In another embodiment, setting the capturing window in the method comprises determining a capturing start time based on the approximated distance of the second device from the first device, determining a capturing end time based on the approximated distance of the receiving device from the transmitting device and a length of the sound signal, and setting the capturing window to begin at the capturing start time and to end at the capturing end time.

In an embodiment, determining the capturing start time comprises determining the capturing start time to be shortly prior to the second time, and determining the capturing end time comprises determining the capturing end time to be shortly after the second time and the length of the sound signal.

In another embodiment, the second device provided in the method comprises an electromagnetic receiver for receiving the electromagnetic signal and a sound receiver for receiving the sound signal.

In yet another embodiment, the electromagnetic receiver is a radio antenna and the sound receiver is a microphone.

According to another aspect of the invention, a method of measuring distance is provided. The method comprises providing a first device and a second device located at a distance from each other. The method comprises transmitting, by the first device, an electromagnetic signal and a sound signal, wherein the electromagnetic signal and the sound signal are transmitted substantially at the same time. The method comprises receiving, by the second device, the electromagnetic signal, wherein the electromagnetic signal is received at a first time, and approximating, by the second device, the distance of the second device from the first device based on the first time. The method also comprises setting, by the second device, a capturing window for capturing the sound signal based on the approximated distance of the second device from the first device. The method also comprises receiving, by the second device, the sound signal, wherein the sound signal is received at a second time after the first time. The method also comprises capturing, by the second device, the sound signal received by the second device within the set capturing window, and determining the distance of the second device from the first device based on the first time and the captured sound signal.

In an embodiment, setting the capturing window in the method comprises determining, by the second device, a capturing start time based on the approximated distance of the second device from the first device, and setting, by the second device, the capturing window as a fixed duration to begin at the capturing start time.

In an embodiment, determining, by the second device, the capturing start time comprises determining the capturing start time to be shortly prior to the second time.

In another embodiment, setting the capturing window in the method comprises determining, by the second device, a capturing start time based on the approximated distance of the second device from the first device, determining, by the second device, a capturing end time based on the approximated distance of the second device from the first device and a length of the sound signal, and setting, by the second device, the capturing window to begin at the capturing start time and to end at the capturing end time.

In an embodiment, determining, by the second device, the capturing start time comprises determining the capturing start time to be shortly prior to the second time and determining, by the second device, the capturing end time comprises determining the capturing end time to be shortly after the second time and the length of the sound signal.

In another embodiment, the second device provided in the method comprises an electromagnetic receiver for receiving the electromagnetic signal and a sound receiver for receiving the sound signal.
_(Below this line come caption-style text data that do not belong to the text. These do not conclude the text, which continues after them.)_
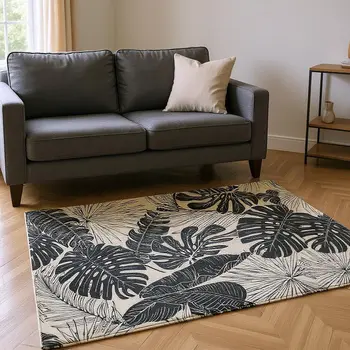 8' X 10' Midnight And Ivory Geometric Washable Area Rug With UV Protection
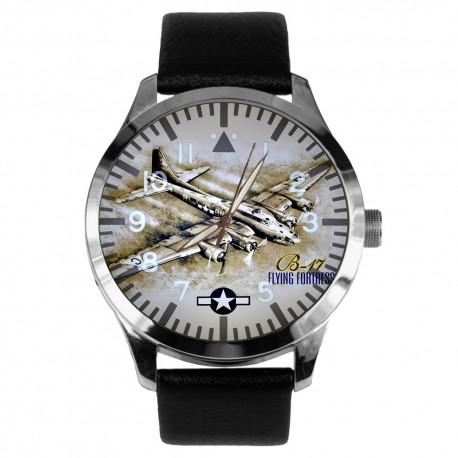 USAAF B-17 Flying Fortress Rare WW-II Aviation Art Wrist Watch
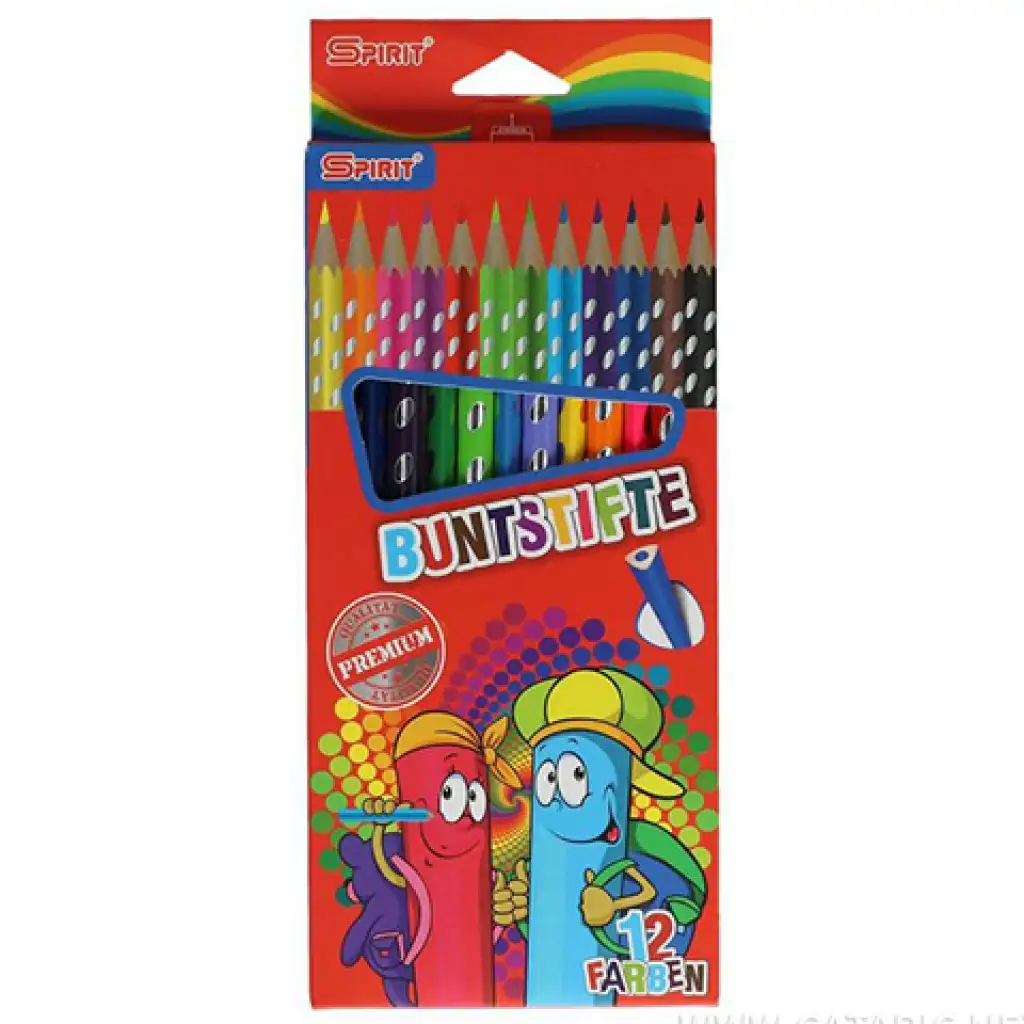Spirit: Trojhranné premium farebné ceruzky 12 dielny set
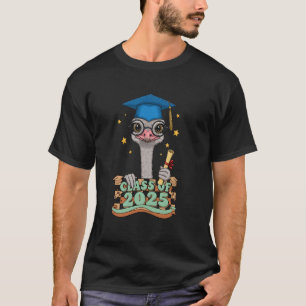 Camiseta Graduado Avestruz Turma De 2025 Crianças Homens Mu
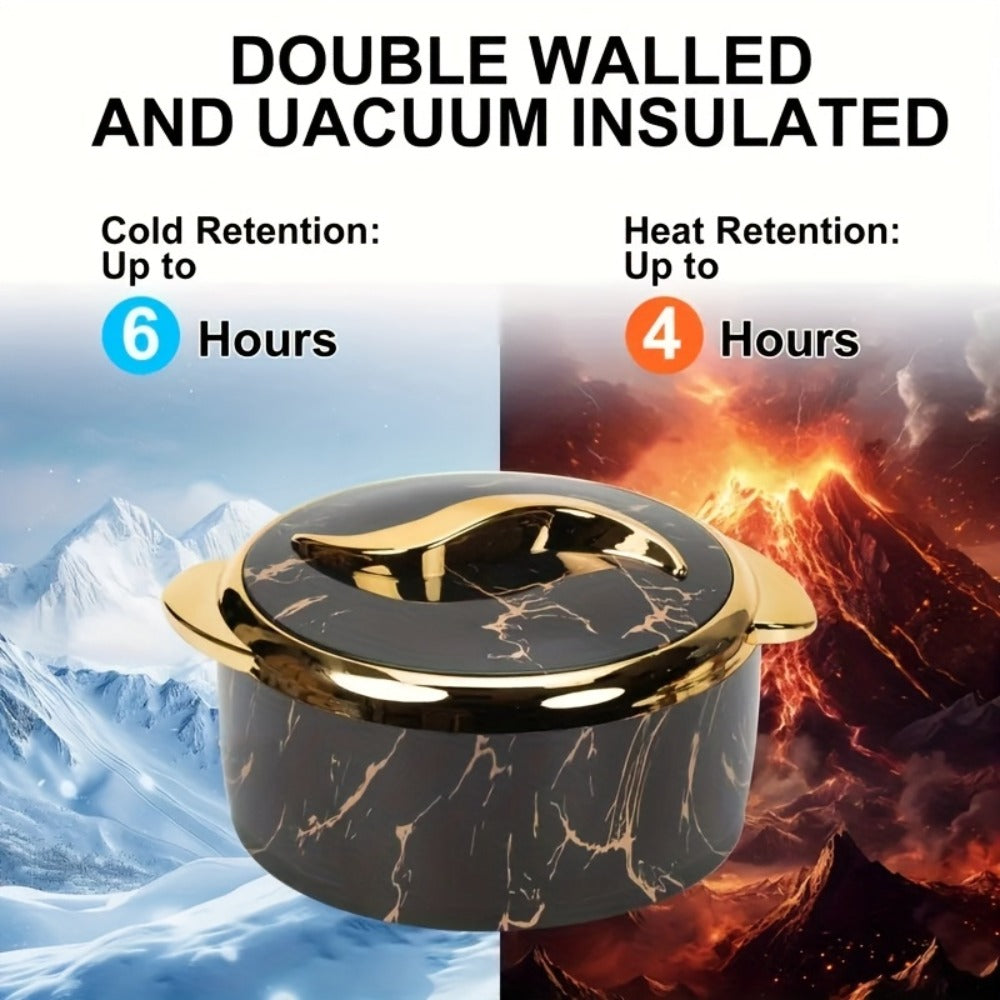 Insulated Casserole Dish Set 3-Piece Thermal Food Warmer with Lids, Stainless Steel Serving Bowls for Hot & Cold Food, Buffet Hotpot Tableware Set for Entertaining Dining Table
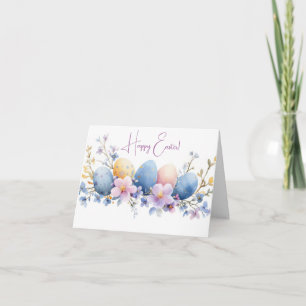 Jolie aquarelle OEufs de Pâques Carte de vacances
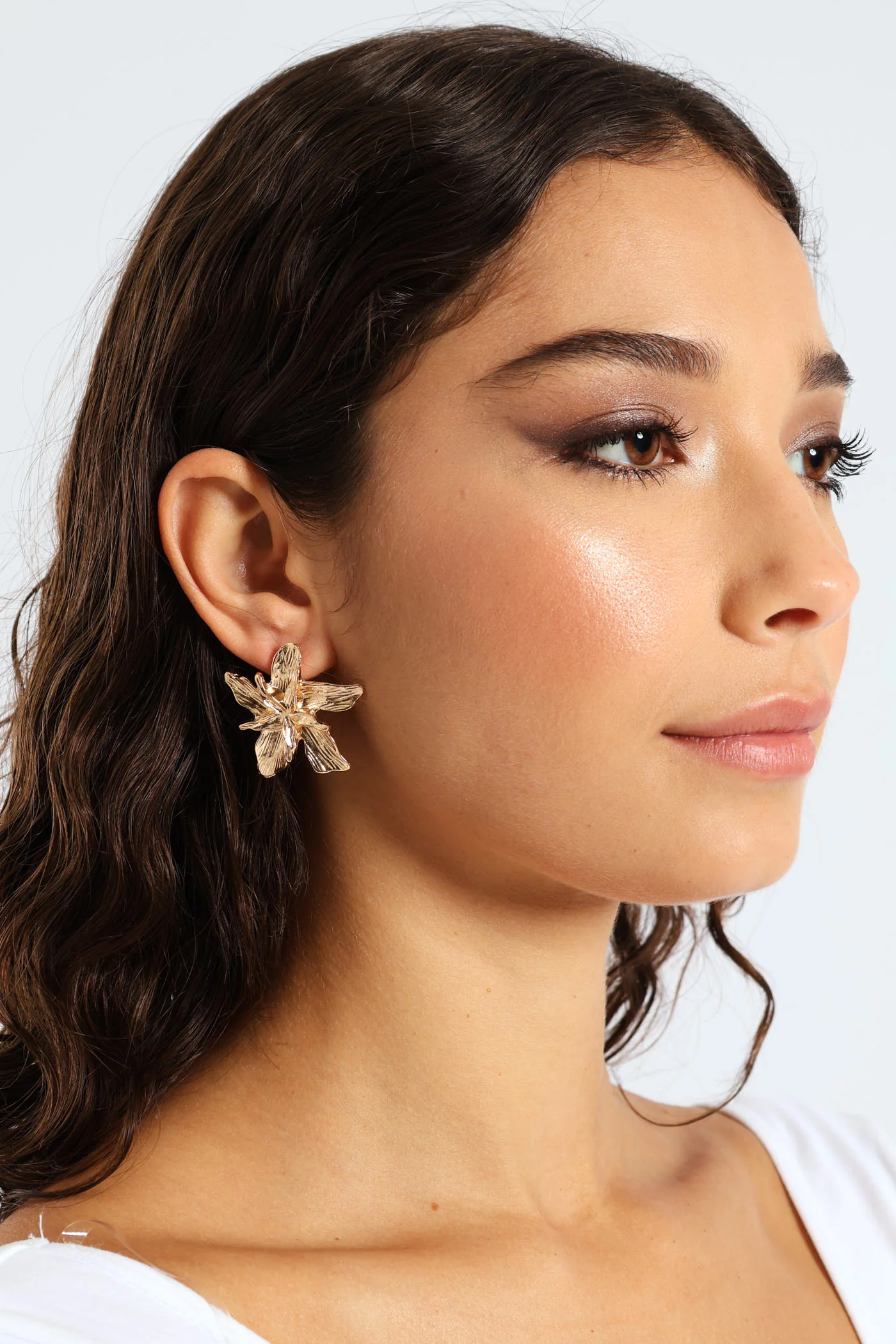 Textured Statement Flower Earrings - Gold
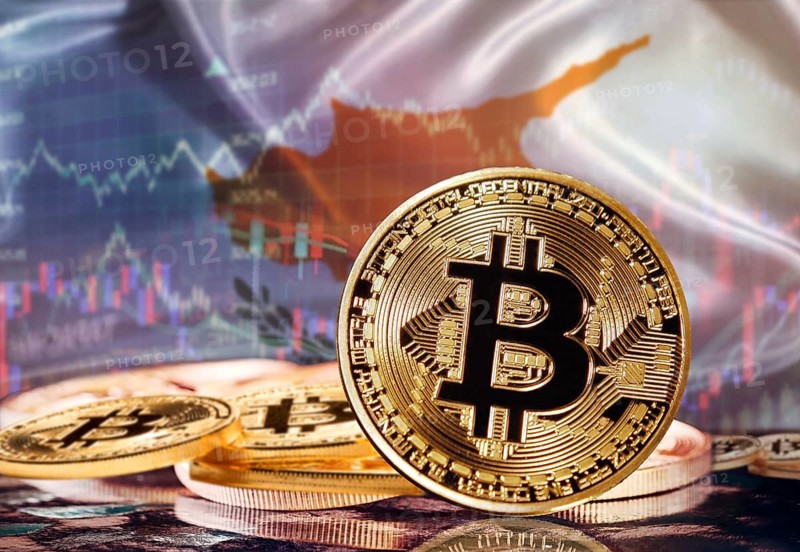 Bitcoin with Cypriot flag in the background. Investors in cryptocurrency and Blockchain Technology in Cyprus, Concept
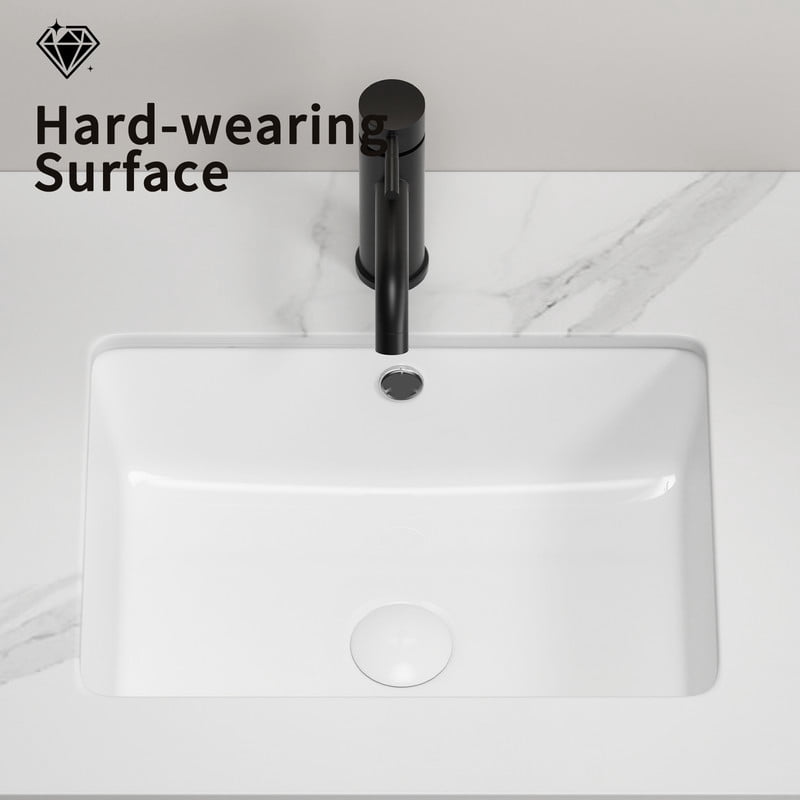 TICOZE Modern White 18 Inch Rectangle Porcelain Undermount Sink, Bathroom Sink Vanity Sink with Overflow, Vessel Sinks Style Basin Sink for Under Counter Installation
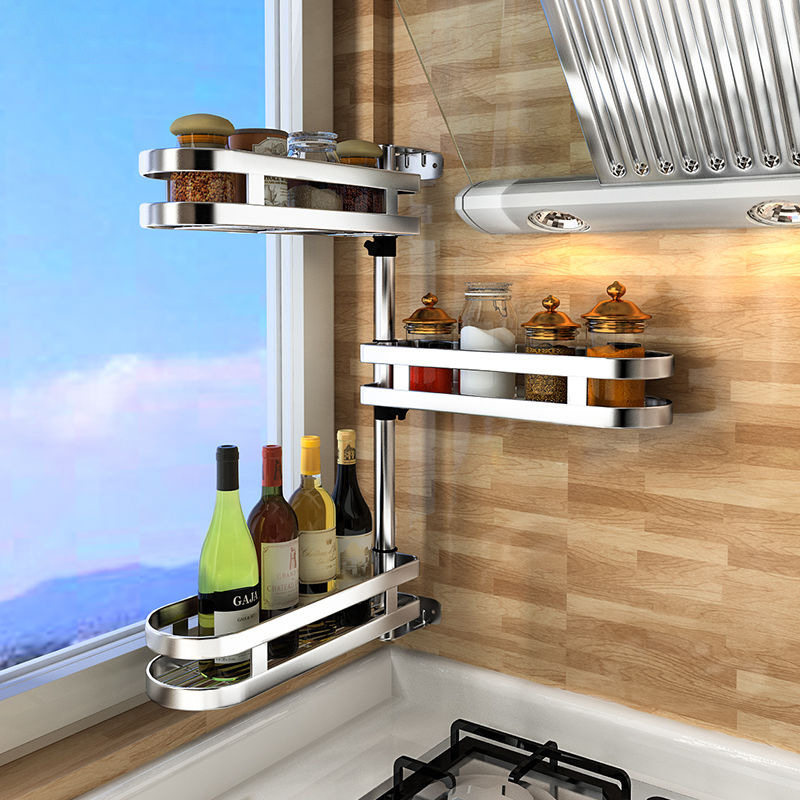 304不锈钢转角旋转调料架厨房浴室置物架壁挂免打孔多功能收纳架
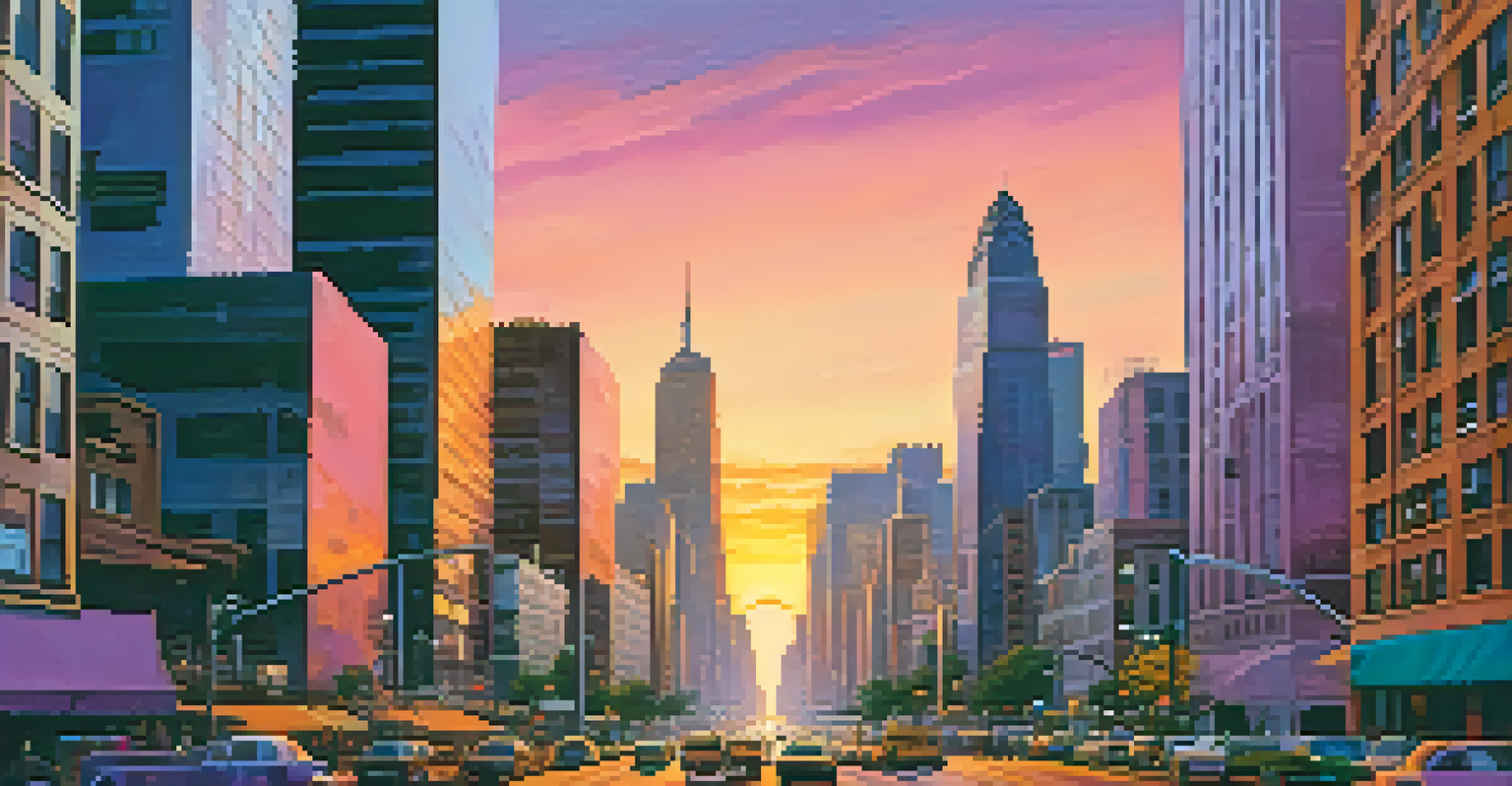 A city skyline during sunset with colorful skies and busy streets.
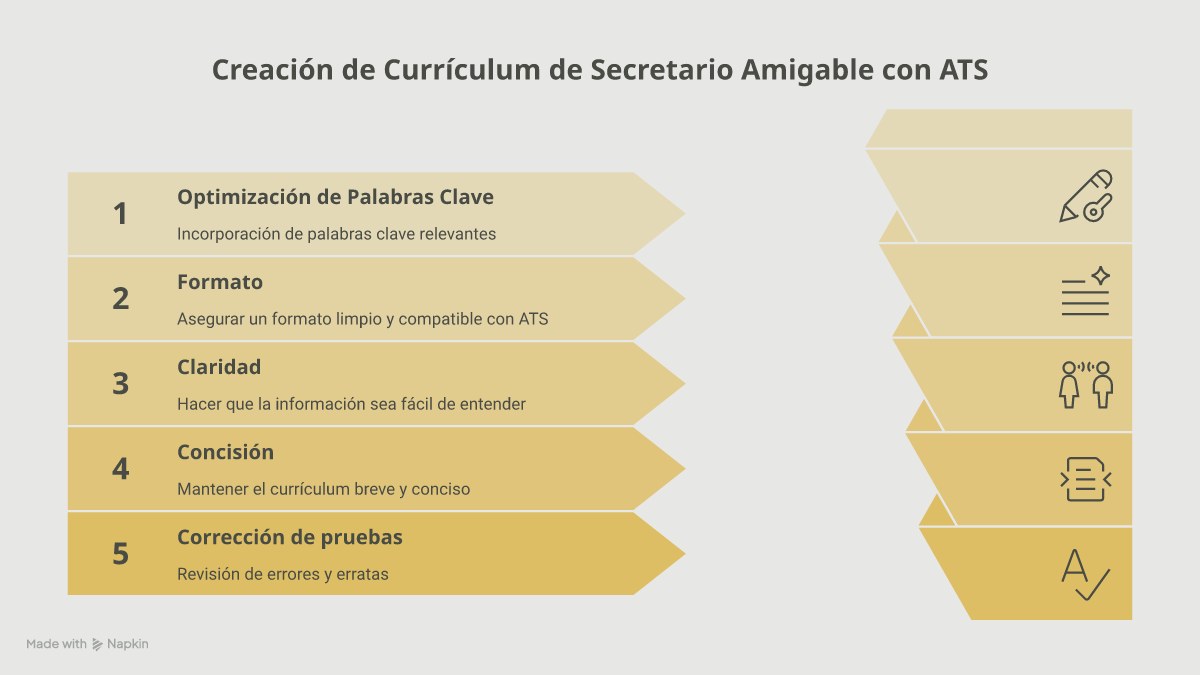 Infografía con los seis pasos para redactar un currículum de secretaria que supere los filtros ATS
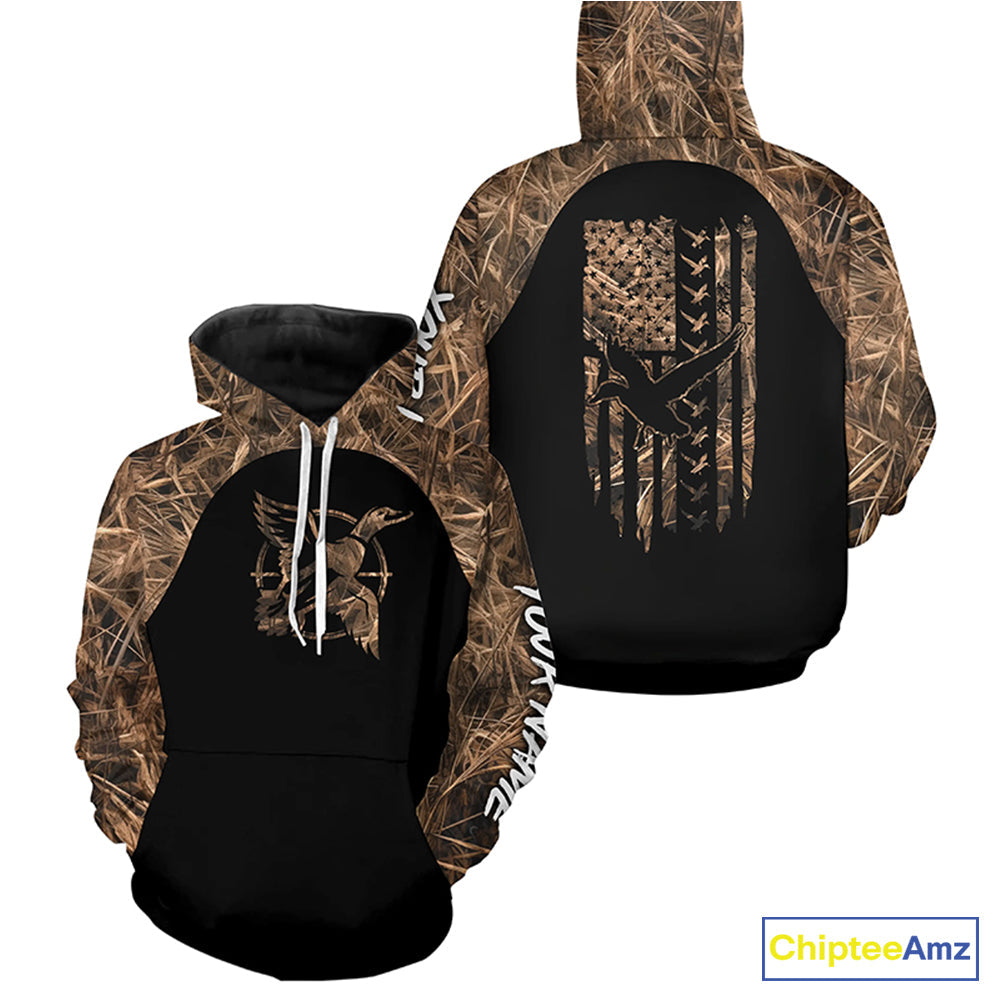 Duck hunting Waterfowl Camo American flag Custom 3D All Over Printed Shirts Personalized Hunting gift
In yet another embodiment, the electromagnetic receiver is a radio antenna and the sound receiver is a microphone.

In yet another embodiment, the transmitting in the method comprises transmitting the electromagnetic signal as a radio signal.

According to another aspect of the invention, a non-transitory computer-readable medium storing program code is provided which when executed by a second device performs the steps of receiving the electromagnetic signal, wherein the electromagnetic signal is received at a first time, and approximating the distance of the second device from the first device based on the first time. The non-transitory computer-readable medium storing program code, when executed by the second device also performs the steps of setting a capturing window for capturing the sound signal based on the approximated distance of the second device from the first device, receiving the sound signal, wherein the sound signal is received at a second time after the first time, capturing the sound signal received by the second device within the set capturing window, and determining the distance of the second device from the first device based on the first time and the captured sound signal.

In an embodiment, the computer-readable medium storing program code, when executed by the second device, performs the step of setting the capturing window by determining a capturing start time based on the approximated distance of the second device from the first device, and setting the capturing window as a fixed duration to begin at the capturing start time.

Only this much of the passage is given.